● **WHAT YOU HAVE TO DO**
Once the line with "Mochilla especial tipo militar" is found in the entries below, repeat it and each following line exactly, up to and including the line with "Clay Whisperer Graphic Tee". Add no other lines.

(Stored data)
- - -

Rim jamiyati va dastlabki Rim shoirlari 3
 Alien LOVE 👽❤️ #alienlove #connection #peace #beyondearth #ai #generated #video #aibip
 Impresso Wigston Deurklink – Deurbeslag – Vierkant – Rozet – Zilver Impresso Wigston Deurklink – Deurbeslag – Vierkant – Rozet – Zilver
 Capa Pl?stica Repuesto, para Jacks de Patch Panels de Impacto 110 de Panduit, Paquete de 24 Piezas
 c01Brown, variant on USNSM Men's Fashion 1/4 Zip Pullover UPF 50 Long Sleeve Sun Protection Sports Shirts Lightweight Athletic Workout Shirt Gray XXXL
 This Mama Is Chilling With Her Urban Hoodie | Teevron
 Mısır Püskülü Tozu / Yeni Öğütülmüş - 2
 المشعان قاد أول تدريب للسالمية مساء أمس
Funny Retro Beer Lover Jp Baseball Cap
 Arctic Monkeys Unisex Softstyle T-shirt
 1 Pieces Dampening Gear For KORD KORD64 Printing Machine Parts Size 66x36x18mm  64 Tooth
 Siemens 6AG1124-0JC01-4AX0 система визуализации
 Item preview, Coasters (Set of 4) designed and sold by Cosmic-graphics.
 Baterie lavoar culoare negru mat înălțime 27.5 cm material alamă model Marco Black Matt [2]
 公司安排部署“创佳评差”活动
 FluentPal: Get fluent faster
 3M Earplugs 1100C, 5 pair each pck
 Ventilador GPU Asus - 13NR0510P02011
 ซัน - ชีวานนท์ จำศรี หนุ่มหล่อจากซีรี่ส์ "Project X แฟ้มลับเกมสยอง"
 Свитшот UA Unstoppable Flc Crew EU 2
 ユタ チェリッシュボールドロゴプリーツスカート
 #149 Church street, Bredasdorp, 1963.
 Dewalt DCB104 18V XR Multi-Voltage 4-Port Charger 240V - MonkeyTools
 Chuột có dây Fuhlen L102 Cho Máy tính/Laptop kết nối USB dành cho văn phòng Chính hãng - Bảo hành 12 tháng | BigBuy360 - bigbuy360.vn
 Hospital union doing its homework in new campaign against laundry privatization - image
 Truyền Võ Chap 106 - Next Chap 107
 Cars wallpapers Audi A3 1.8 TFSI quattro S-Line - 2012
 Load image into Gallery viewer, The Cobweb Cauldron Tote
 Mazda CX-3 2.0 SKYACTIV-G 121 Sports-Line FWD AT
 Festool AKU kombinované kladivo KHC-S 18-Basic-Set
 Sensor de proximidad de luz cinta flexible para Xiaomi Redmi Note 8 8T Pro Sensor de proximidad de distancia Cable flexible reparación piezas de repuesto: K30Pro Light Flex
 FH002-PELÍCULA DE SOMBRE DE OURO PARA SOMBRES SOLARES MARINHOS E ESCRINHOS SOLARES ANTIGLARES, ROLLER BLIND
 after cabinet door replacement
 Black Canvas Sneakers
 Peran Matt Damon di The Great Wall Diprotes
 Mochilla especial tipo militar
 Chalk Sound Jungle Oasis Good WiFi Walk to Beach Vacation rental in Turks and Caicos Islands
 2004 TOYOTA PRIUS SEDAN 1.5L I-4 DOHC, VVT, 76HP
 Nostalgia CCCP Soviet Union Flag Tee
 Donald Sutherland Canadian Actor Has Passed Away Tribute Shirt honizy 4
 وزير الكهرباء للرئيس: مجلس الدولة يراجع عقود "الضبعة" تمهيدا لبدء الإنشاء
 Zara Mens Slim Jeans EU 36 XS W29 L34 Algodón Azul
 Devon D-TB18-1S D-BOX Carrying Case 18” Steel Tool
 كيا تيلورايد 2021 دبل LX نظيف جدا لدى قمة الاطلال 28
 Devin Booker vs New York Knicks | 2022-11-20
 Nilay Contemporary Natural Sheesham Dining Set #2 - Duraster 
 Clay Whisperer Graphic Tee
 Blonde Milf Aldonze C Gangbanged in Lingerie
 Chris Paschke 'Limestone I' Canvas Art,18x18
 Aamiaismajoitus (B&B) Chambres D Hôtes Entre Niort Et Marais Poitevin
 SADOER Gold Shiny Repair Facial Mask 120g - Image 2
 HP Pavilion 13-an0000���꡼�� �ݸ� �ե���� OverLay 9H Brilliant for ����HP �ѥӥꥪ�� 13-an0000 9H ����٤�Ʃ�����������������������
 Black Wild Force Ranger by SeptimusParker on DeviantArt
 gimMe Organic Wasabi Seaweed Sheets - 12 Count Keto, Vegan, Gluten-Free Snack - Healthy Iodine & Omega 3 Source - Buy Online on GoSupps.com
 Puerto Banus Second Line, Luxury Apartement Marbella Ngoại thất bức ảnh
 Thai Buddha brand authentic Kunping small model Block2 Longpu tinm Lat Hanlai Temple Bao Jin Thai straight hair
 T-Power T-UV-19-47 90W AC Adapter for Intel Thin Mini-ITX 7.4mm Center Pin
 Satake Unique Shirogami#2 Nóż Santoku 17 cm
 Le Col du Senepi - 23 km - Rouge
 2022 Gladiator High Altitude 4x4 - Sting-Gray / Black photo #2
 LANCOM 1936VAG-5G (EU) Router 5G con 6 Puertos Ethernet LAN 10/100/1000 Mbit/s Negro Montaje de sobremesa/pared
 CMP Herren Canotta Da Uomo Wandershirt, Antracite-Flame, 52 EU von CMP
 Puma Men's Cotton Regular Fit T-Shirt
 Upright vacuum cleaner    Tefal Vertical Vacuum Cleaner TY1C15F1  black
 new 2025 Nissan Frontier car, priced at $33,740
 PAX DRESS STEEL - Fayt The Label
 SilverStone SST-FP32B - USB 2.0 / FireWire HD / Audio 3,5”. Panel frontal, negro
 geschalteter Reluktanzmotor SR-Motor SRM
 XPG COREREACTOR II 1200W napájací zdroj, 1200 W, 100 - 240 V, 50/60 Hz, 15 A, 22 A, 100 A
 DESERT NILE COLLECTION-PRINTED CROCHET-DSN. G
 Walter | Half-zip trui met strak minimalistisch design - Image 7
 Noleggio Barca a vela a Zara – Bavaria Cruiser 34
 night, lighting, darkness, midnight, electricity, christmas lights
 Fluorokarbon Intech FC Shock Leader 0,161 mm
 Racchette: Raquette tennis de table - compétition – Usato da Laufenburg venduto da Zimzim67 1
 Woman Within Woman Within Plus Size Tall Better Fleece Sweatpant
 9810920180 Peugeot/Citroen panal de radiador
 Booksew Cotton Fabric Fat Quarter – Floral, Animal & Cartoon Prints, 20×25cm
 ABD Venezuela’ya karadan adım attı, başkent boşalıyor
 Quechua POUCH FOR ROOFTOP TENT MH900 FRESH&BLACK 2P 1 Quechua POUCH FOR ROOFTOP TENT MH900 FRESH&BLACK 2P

- - -

● **WRITTEN ANSWER**
 Mochilla especial tipo militar
 Chalk Sound Jungle Oasis Good WiFi Walk to Beach Vacation rental in Turks and Caicos Islands
 2004 TOYOTA PRIUS SEDAN 1.5L I-4 DOHC, VVT, 76HP
 Nostalgia CCCP Soviet Union Flag Tee
 Donald Sutherland Canadian Actor Has Passed Away Tribute Shirt honizy 4
 وزير الكهرباء للرئيس: مجلس الدولة يراجع عقود "الضبعة" تمهيدا لبدء الإنشاء
 Zara Mens Slim Jeans EU 36 XS W29 L34 Algodón Azul
 Devon D-TB18-1S D-BOX Carrying Case 18” Steel Tool
 كيا تيلورايد 2021 دبل LX نظيف جدا لدى قمة الاطلال 28
 Devin Booker vs New York Knicks | 2022-11-20
 Nilay Contemporary Natural Sheesham Dining Set #2 - Duraster 
 Clay Whisperer Graphic Tee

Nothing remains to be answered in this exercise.